Re: index(fct(primary key)) kills INSERTs - Mailing list pgsql-bugs

From Frank Miles
Subject Re: index(fct(primary key)) kills INSERTs
Date
Msg-id Pine.A41.4.21.0011100844290.117708-100000@mead2.u.washington.edu
Whole thread Raw
In response to Re: index(fct(primary key)) kills INSERTs  (Tom Lane <tgl@sss.pgh.pa.us>)
Responses Re: index(fct(primary key)) kills INSERTs
List pgsql-bugs
On Fri, 10 Nov 2000, Tom Lane wrote:

> Frank Miles <fpm@u.washington.edu> writes:
> > If an index is created based on a function of the primary key,
> > you cannot insert new entries into the database.
>
> I think the critical point here is that your "function of the primary
> key" is actually doing a SELECT from the table:
>
>                 SELECT INTO prec * FROM test_table WHERE tt_id = dum_int;
>                 IF NOT FOUND THEN
>                         RAISE EXCEPTION ''project % not found'', dum_int;
>                 END IF;
>
> When I try your example, I get
>
> play=> INSERT INTO test_table (tt_descr) VALUES ('third - will fail');
> ERROR:  project 3 not found
>
> which surprises me not at all, because at the point where this function
> is invoked, the new record with tt_id 3 hasn't been entered into the
> table yet.

This makes sense if the index is updated before the new record is completely
added.  (showing my ignorance here:) Is that necessary?  Can't the new
index be updated after entry?  How can it be that the table has the
item (it's attempting to update the index based on a table that includes
the record '3'), yet the table doesn't have it (project 3 not found).
This smells like a race condition.

> I'm not sure what you are really trying to accomplish here --- as you
> say, it's a stripped-down example and not too intelligible.  As far
> as the example goes, you could skip the SELECT and just use the
> passed-in parameter value.  What was the original goal that made you
> feel you needed to SELECT the about-to-be-inserted row?

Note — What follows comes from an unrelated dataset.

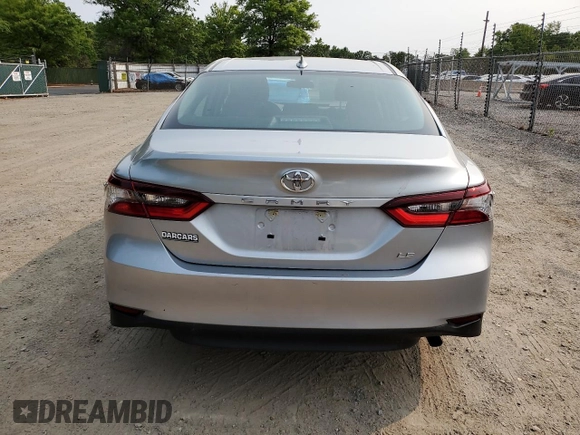 2024 Toyota Camry LE z VIN 4T1C11AK6RU190646, wystawiony jako Copart lot #58817045 z przebiegiem 19 276 mil mil oraz Szkoda całkowita • Salvage title. Historia ofert i sprzedaży dostępna na DreamBid. Obrazek 6.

I don't need the function to work for the insertion.  That's only
used for queries.  But having the index clearly makes insertion impossible.

In the real tables, I have several indexes which depend on a variety
of values in the table.  A part of the database (eventually) will be
used to track projects done by my group for researchers at this University
and elsewhere.  Unfortunately different people at different times have
used different enumeration schemes for tracking these projects.  The
indexes allow me to have a simple SERIAL-based enumeration scheme,
while allowing the records to be accessed using older-format enumerations.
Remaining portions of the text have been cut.